-------- Given entries
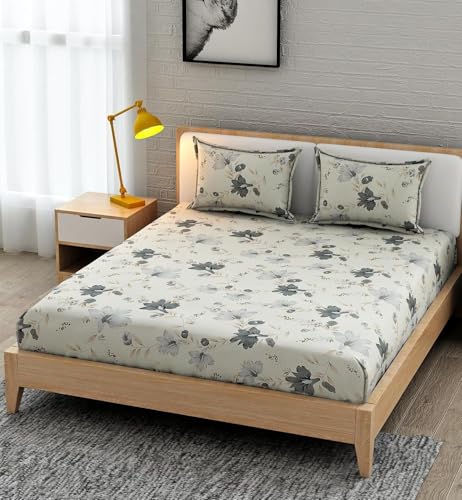 Image of Cotton Feel King Size Flat Bedsheet for Double Bed (90 x 100 Inches | 230 x 250 cm) with 2 Pillow Covers | Soft & Smooth Printed Bedsheet for Daily Use (WhiteNew, King Bed-90x100)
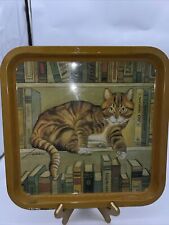 Lowell Herrero Tabby Cat in Bookshelf Tin Tray Vandor 1983 13-3/4” X 13-3/4” picture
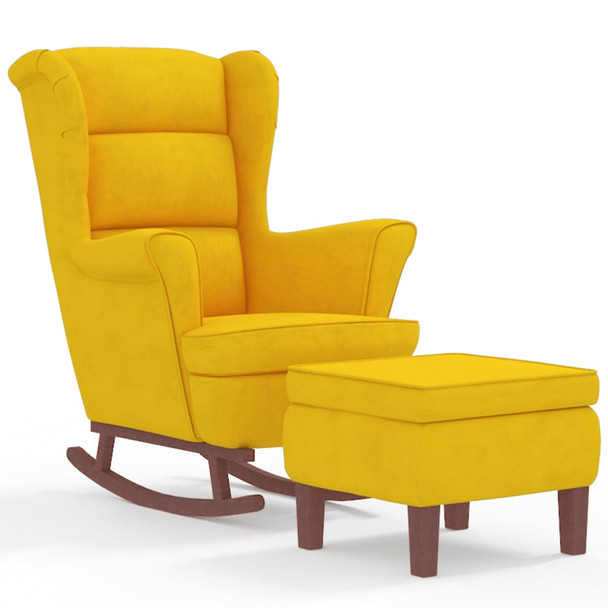 Stolica za ljuljanje s drvenim nogama i stolcem žuta baršun 3121237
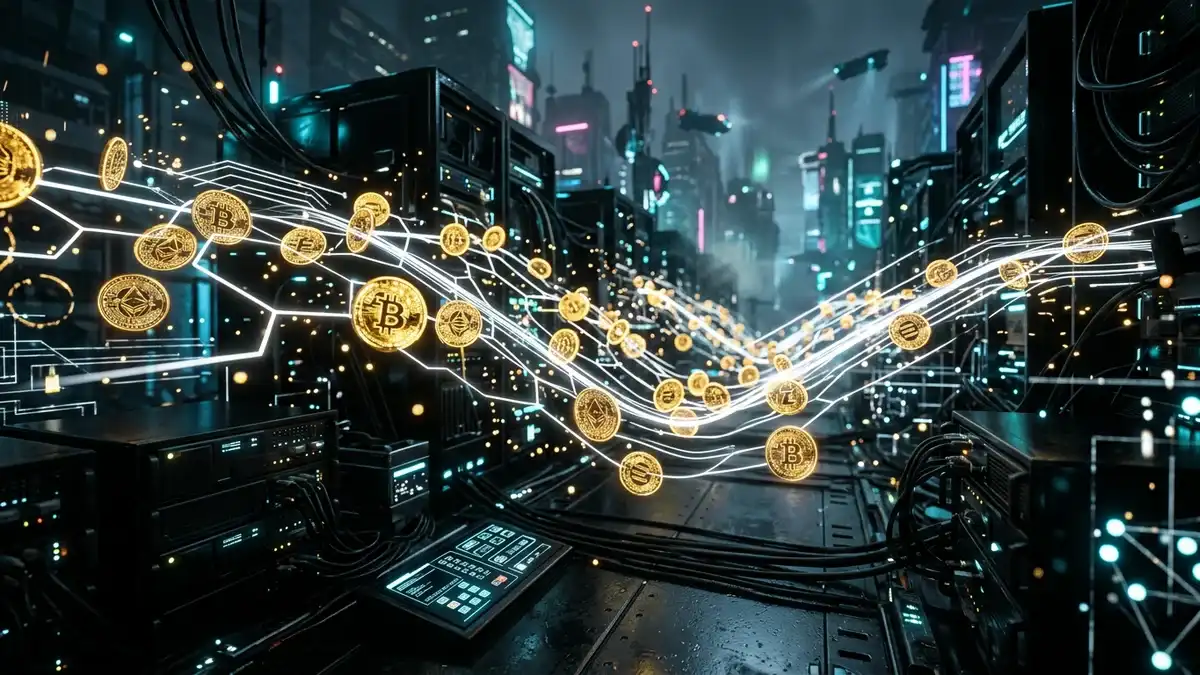 輝くゴールドの仮想通貨がある未来的なサイバーパンクデータネットワーク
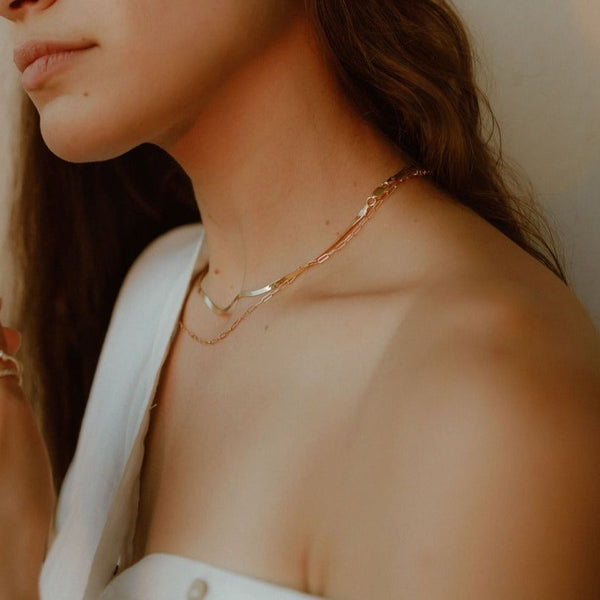 Herringbone Necklace - - Necklaces - Ofina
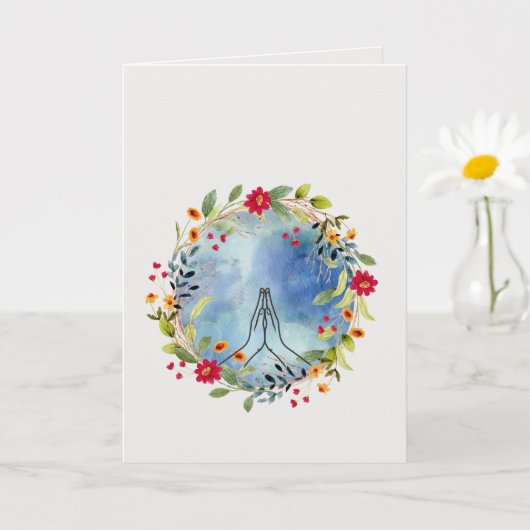 Biddende handen aquarel kaart (Kleine Plant)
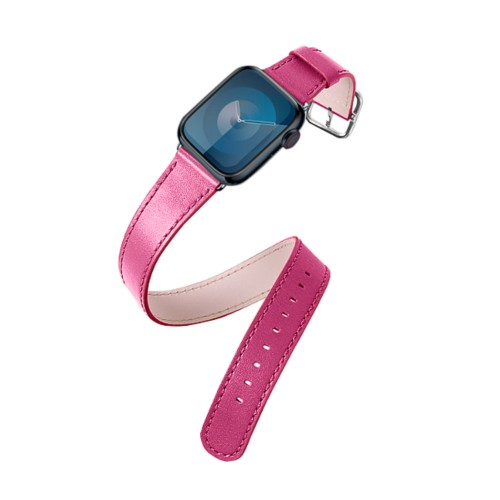 Doppelt gewickeltes Armband – Apple Watch 45 mm - Fuchsia  - Kalb Leder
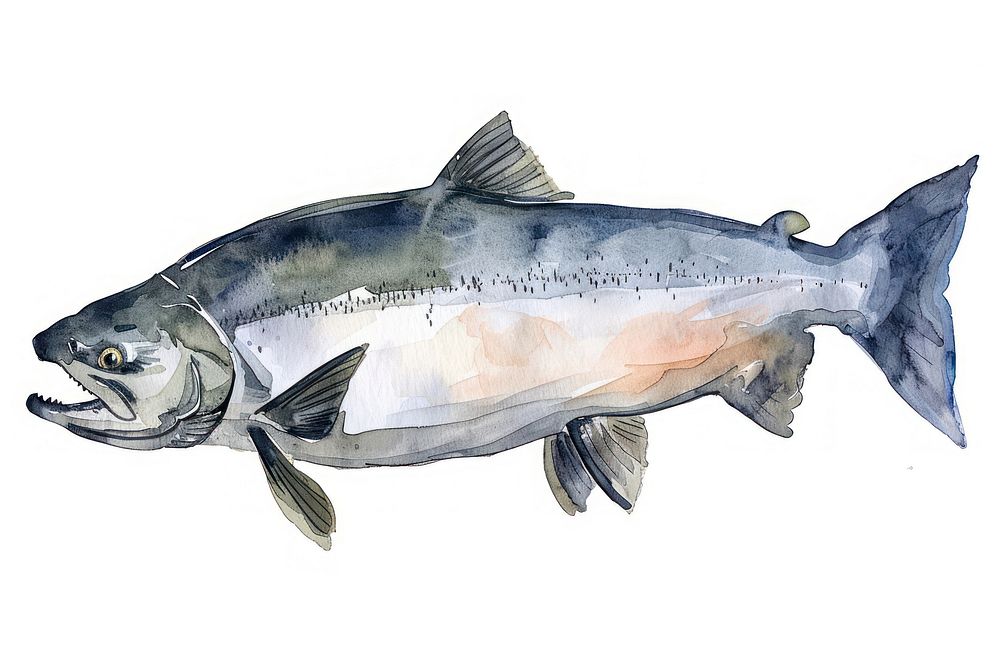 Watercolor fish illustration art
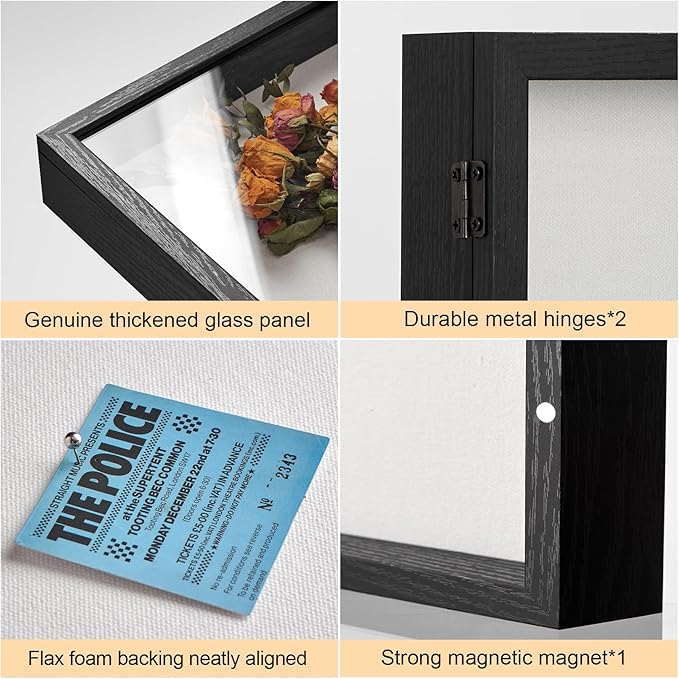 5x5 Deep Shadow Box Picture Frame Display Case with Linen Back ,Real Glass Small Mini Black Shadow Memory Box Frame 5x5 for Insect Display Pet Photo Memorial Flower Art Craft Wall Decor Gift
----------------
> [Work to be completed] Every line above should be printed again word for word, without its pictures.

> [Expected answer]
 Image of Cotton Feel King Size Flat Bedsheet for Double Bed (90 x 100 Inches | 230 x 250 cm) with 2 Pillow Covers | Soft & Smooth Printed Bedsheet for Daily Use (WhiteNew, King Bed-90x100)
 Lowell Herrero Tabby Cat in Bookshelf Tin Tray Vandor 1983 13-3/4” X 13-3/4” picture
 Stolica za ljuljanje s drvenim nogama i stolcem žuta baršun 3121237
 輝くゴールドの仮想通貨がある未来的なサイバーパンクデータネットワーク
 Herringbone Necklace - - Necklaces - Ofina
 Biddende handen aquarel kaart (Kleine Plant)
 Doppelt gewickeltes Armband – Apple Watch 45 mm - Fuchsia  - Kalb Leder
 Watercolor fish illustration art
 5x5 Deep Shadow Box Picture Frame Display Case with Linen Back ,Real Glass Small Mini Black Shadow Memory Box Frame 5x5 for Insect Display Pet Photo Memorial Flower Art Craft Wall Decor Gift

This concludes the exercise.